Pongo a mi niño en el carro y salimos a la calle. Ya es grande para carro, realmente podríamos ir andando al centro de salud que está doblando la esquina. El efecto calmante de la ducha se me está empezando a pasar y el picor vuelve a ser insoportable. Tengo las dos manos ocupadas con el carro y no puedo rascarme, así que fantaseo. Estoy en un gran fregadero de cocina gigante y Maca me frota con un estropajo. Me está haciendo daño. Usa la parte que pica, no hace concesiones y me pasa una y otra vez el estropajo por la piel. Huele a fairy. Me duele y al mismo tiempo el placer es inmenso. Me maneja a su antojo como una niña jugando con una muñeca. Estoy esperando en la sala de urgencias del centro de salud y no tengo ni idea de cómo hemos llegado hasta aquí.

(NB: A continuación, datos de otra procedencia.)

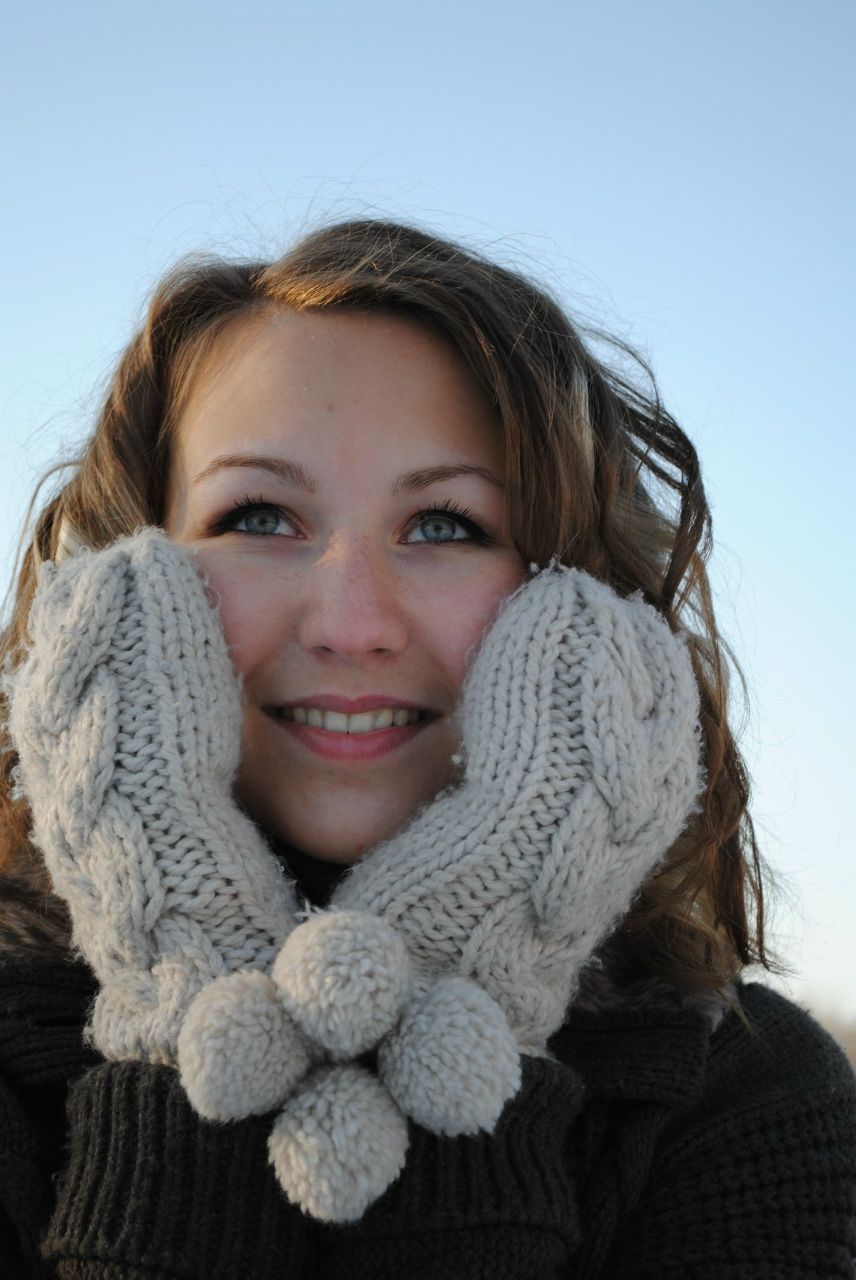 Татьяна Лаврухина | Москва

Esperamos cuarenta minutos. Estamos en agosto en una ciudad que pierde a la mitad de su población en verano. Entro en la consulta con mi niño, que juega entretenido a pasar las hojas de una revista. ¿Ha tenido algún episodio similar antes? No. ¿Antecedentes de psoriasis en la familia? No. ¿Ha ocurrido algún hecho que haya podido desencadenar el ataque? No, que yo sepa. ¿Está sometida a una situación de estrés? No sé responder. Me miro adentro. Miro a mi niño. Mi niño me mira. Entonces me doy cuenta de que sabe, mi niño monito que no puede agarrar correctamente una cuchara y tomarse el salmorejo sin embadurnarse la pechera sabe, entiende mi dolor punzante mi piel que arde mi furia sorda mi pena epitelial.